#### [Exercise prompt]
From the line containing "Paw Print Heart" to the last line of the listing, both included, copy every line exactly and drop the pictures.

#### [Collected data]

[Start of section]

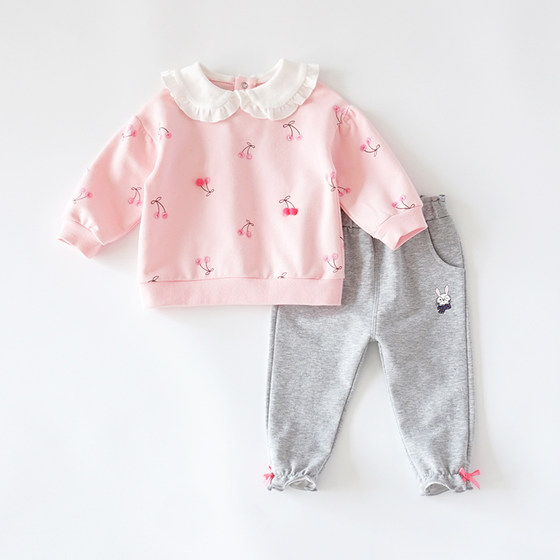 Category A little girl baby spring and autumn sweet two-piece suit infant children's clothing and bathroom clothes 1-3 and a half years old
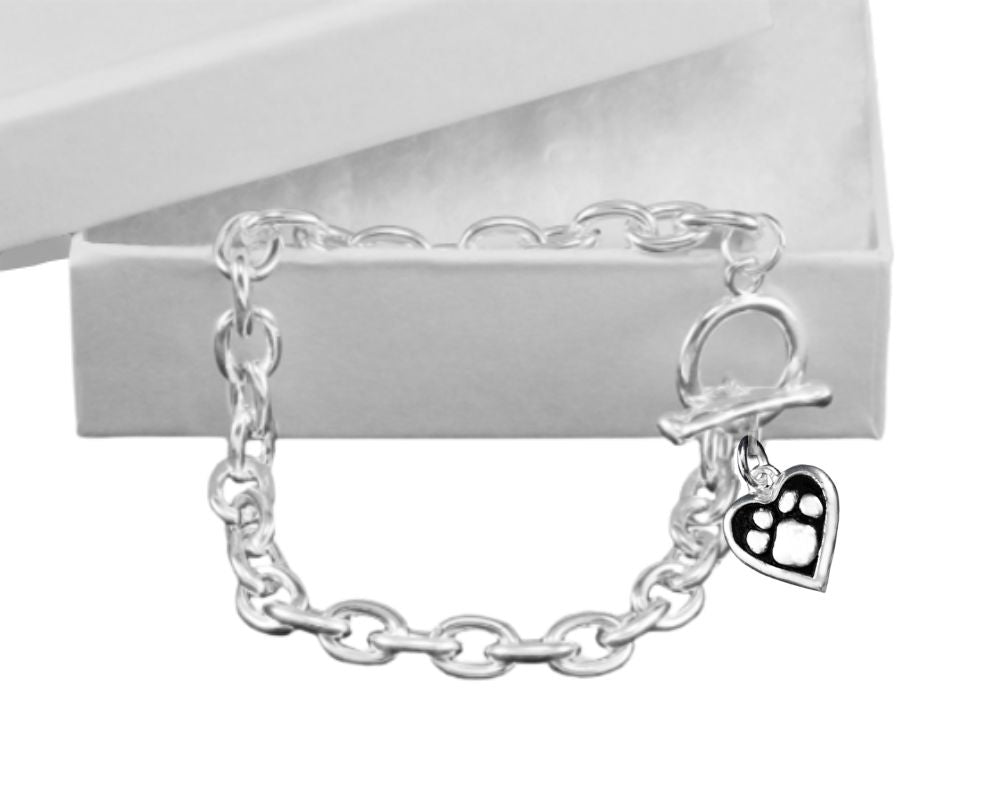 Paw Print Heart Charm Chunky Bracelets - Fundraising For A Cause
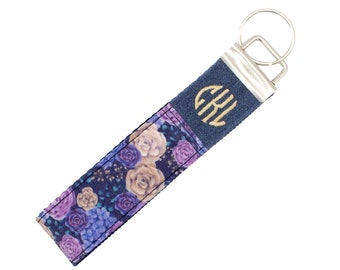 Customizable Blue Denim and Floral Keychain Wristlet with Embroidered Monogram - Personalized Accessory for Bags and Keychains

[End of section]

#### [Answer space]
 Paw Print Heart Charm Chunky Bracelets - Fundraising For A Cause
 Customizable Blue Denim and Floral Keychain Wristlet with Embroidered Monogram - Personalized Accessory for Bags and Keychains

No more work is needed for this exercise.